By now, most workers realize that paid sick leave is a valuable workplace benefit that is no longer guaranteed by many employers.
Reducing or eliminating sick-leave allotments has become increasingly common as employers over the past few years have evaluated all benefit programs for cost-savings.
Now comes the counterintuitive news that eliminating paid-sick leave may not be in the best interests of employers. A study conducted by the Centers for Disease Control and Prevention shows that workers who have the ability to take paid sick time are less likely to be injured on the job than people who don’t receive paid sick leave.
The study reports that employees with access to paid sick leave have a 28 percent lowered risk of workplace injury than people without it.
Clearly, the risk of workplace injury varies by job type. For health care workers, not having paid sick leave resulted in an 18 percent higher risk of workplace injury. Construction workers – who have some of the highest injury rates – had a 21 percent higher risk of injury when they didn’t have paid sick time.
Additionally, if sick or stressed workers are not able to take time off from work, they may be a greater risk for workplace-related injuries, according to the study. Previous studies have reported that sleep deprivation, fatigue, and certain medications may contribute to work injuries.
And, the added factor of a struggling economy means that some workers are reluctant to take time off for their illnesses if they have no paid leave.

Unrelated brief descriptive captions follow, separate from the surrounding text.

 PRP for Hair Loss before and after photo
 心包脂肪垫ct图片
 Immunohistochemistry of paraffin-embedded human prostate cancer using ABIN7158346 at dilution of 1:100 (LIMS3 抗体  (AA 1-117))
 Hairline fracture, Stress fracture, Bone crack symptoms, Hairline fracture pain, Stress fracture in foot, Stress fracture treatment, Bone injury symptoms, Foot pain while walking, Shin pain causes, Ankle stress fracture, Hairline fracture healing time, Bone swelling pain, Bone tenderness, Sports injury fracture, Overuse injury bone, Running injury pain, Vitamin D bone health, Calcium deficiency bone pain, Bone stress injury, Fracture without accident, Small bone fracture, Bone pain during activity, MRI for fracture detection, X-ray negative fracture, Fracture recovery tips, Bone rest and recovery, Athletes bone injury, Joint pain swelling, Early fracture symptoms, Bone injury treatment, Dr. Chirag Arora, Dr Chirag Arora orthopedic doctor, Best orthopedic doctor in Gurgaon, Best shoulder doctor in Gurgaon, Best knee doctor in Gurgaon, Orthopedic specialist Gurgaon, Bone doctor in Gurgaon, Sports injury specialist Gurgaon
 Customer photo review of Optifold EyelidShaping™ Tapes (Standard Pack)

Employers report that paid sick-leave policies increases payroll expenses by 1.5 percent.
“Many workers may feel pressured to work while they are sick, out of fear of losing their income,” says study researcher Abay Asfaw. “If fewer people work while they are sick, this could lead to safer operations and fewer injuries in the workplace.”
It is estimated that more than 40 million American workers currently do not enjoy paid sick leave.
New York City is considering an ordinance that would require employers with five or more employees to provide paid sick leave. It would join municipalities such as San Francisco and Washington, D.C., along with the state of Connecticut, that require employers to offer paid leave. They report that the leave policy has resulted in lower turnover, higher productivity and morale, and reduced job loss for workers.
John Howard, who heads up the CDC’s National Institute for Occupational Safety and Health, says the study shows how work and private lives are intertwined.
“This concept of total worker health, which involves creating an environment of well-being both at home and at work, is an important aspect of the American economy, as we depend on able and productive workers,” Howard says.
The CDC study shines a light on the previously underappreciated benefits of paid sick leave. But know that a clear economic benefit for employers has been spelled out by the reduced risk of workplace injuries, employers may welcome paid sick time as a benefit for both themselves and their workers.